The opposite situation: I didn't think about parser per project :)
So I guess no need to worry here.

> C bindings could be an option. (As in: the smallest common 
> denominator.) They allow existing tools (written in Java, C#, 
> Python, ...) to use your library.
Yeah, but I'm far from there yet.

>> > Since assembly code is usually small I just preallocate an 
>> > array of sourceCode.length tokens and realloc it to the 
>> > correct size when I'm done parsing. Nothing pretty, but 
>> > simple and I am sure it won't get any faster ;).
>> I'm sure it will :) (I'm going to elaborate on this some time 
>> later).
>
> I'm curious.
Maybe I'm don't understand your use case, but the idea is that if
you parse as you type it should be possible to avoid parsing and
allocating memory for those lines which have not changed. But
that is not compatible with storing tokens in the array, since it
would cause reallocating memory each time, so the other data
structure should be used (e.g., a linked list, or, if efficient
lookup is needed, a red-black tree). Only benchmarks can show
whether (and how much) my approach would be faster for specific
situation (input patterns like average size of data, complexity
of parsing algorithms, requirements, etc.).

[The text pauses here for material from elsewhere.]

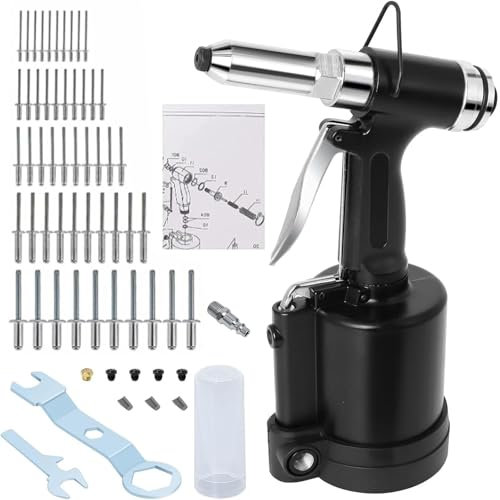 Kit de Remachadora Neumatica con 5 Boquillas 6.4mm 3.2mm 4.8mm 2.4mm y 4mm, Remachadora de Aire Pistola Profesional con 50PCS Remaches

> I found that I usually either load from file into a newly 
> allocated buffer (where a copy occurs, only because I forgot 
> about assumeUnique in std.exception) or I am editing the file 
> in which case I recreate the source string after every key 
> stroke anyway. I can still pass slices of that string to 
> functions though. Not sure what you mean.
Answered below.

> It probably doesn't work for D as well as for ASM code, but I 
> could also check for \x1A and __EOF__ in the same fashion.
> (By the way, is it \x1A (substitute, ^Z) or did you mean \0x04 
> (end-of-transmission, ^D)?)
D has the following EoF cases: \0, \x1A, physical EoF and __EOF__
special token when not inside comment or some of string literals.
^D is not in this list.

> The way it works is: Parser states like 'in expression' can 
> safely peek at the next character at any time. If it doesn't 
> match what they expect they emit an error and drop back to the 
> "surrounding" parser state. When they reach the "file" level, 
> that's the only place where an EOF (which will only occur once 
> per file anyway) will be consumed.
> In theory one can drop all string length checks and work on 
> char* directly with a known terminator char that is distinct 
> from anything else.
If you want to pass a slice of input string to a function, you
cannot append \0 to it without copying data. If you don't append
some pre-defined character, you must check for length *and* all
supported terminating characters. On the contrary, your design
might not require passing slices, and if language syntax allows
deterministic parsing (when you know what to expect next), there
is no need for checking EoF.